有观点认为,通缩趋势正在快速显性化,3月通胀显著回落,通缩信号愈发明显;另有观点则认为,不能简单地把当前物价低位运行判断为“通缩”,通缩应该是较长期的现象。
上海金融与发展实验室主任曾刚向新京报贝壳财经记者表示,“我国加大了金融层面的进一步投放,要将压力转化为现实需求的增长。表现为金融数据的相对高增长。但货币政策的传导需要时间,因此才看到似乎有实体经济运行与货币运行似乎脱节的情况。”他还指出,货币政策效力不可能一蹴而就,因此中国到底是通缩还是通胀,现在下结论为时尚早。
CPI偏离黄金区域是否就是通缩?
这场辩论源自近日出炉的两组重磅官方数据。
其一是国家统计局公布的3月份CPI仅为0.7%,偏离黄金区间。这是通缩之论源起的主要原因。

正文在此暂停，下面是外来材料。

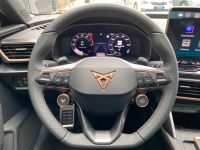Cupra Leon - Vorschau Bild 11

另一组数据则是有央行在同一日发布的最新金融统计数据,3月份新增贷款和社融继续强劲增长,同时结构较前两个月有所改善。没有以票据冲规模的现象,同时家庭中长期贷款开始增加,企业中长期贷款则继续增加。广义货币(M2)虽有小幅回落,但亦处于接近13%的高位运转。

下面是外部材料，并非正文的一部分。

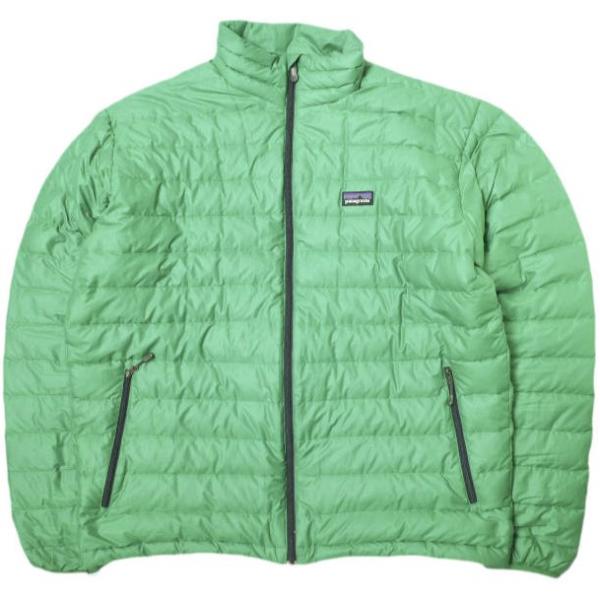 PATAGONIA パタゴニア 2013年製 M's Down Sweater メンズ ダウン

两组数据并不相符:M2的高位运转与CPI的低速运转相背离。
刘煜辉的担忧是,当前我国居民负债率已经较高,居民部门“没钱了”造成了需求端的突出矛盾。同时供给端看的突出矛盾是价格的“内卷”。通缩由此而来。
所谓通缩,是由于货币供应量的减少,以致商品和劳务的供给超过需求,于是市场银根趋紧,货币流通速度转慢,货币价值高估,物价水平下跌。与通膨相对应。4月11日国家统计局发布3月消费价格指数(CPI)同比降至1%以下、PPI同比降幅进一步扩大,市场对通缩的担忧已现。
不过,上海金融与发展实验室主任曾刚向新京报贝壳财经记者表示,我国经济确实面临着一定的下行压力,前期的部分风险挑战还未化解完成,我国经济发展的基础还未夯实,市场信心亦未完全恢复,因此从实体经济层面来看的确延续着一定的压力,体现为CPI增速较低。
“也正因此,我国加大了金融层面的进一步投放,要将压力转化为现实需求的增长。表现为金融数据的相对高增长。但货币政策的传导需要时间,因此才看到似乎有实体经济运行与货币运行似乎脱节的情况。”曾刚指出,货币政策效力不可能一蹴而就,因此中国到底是通缩还是通胀,现在下结论为时尚早。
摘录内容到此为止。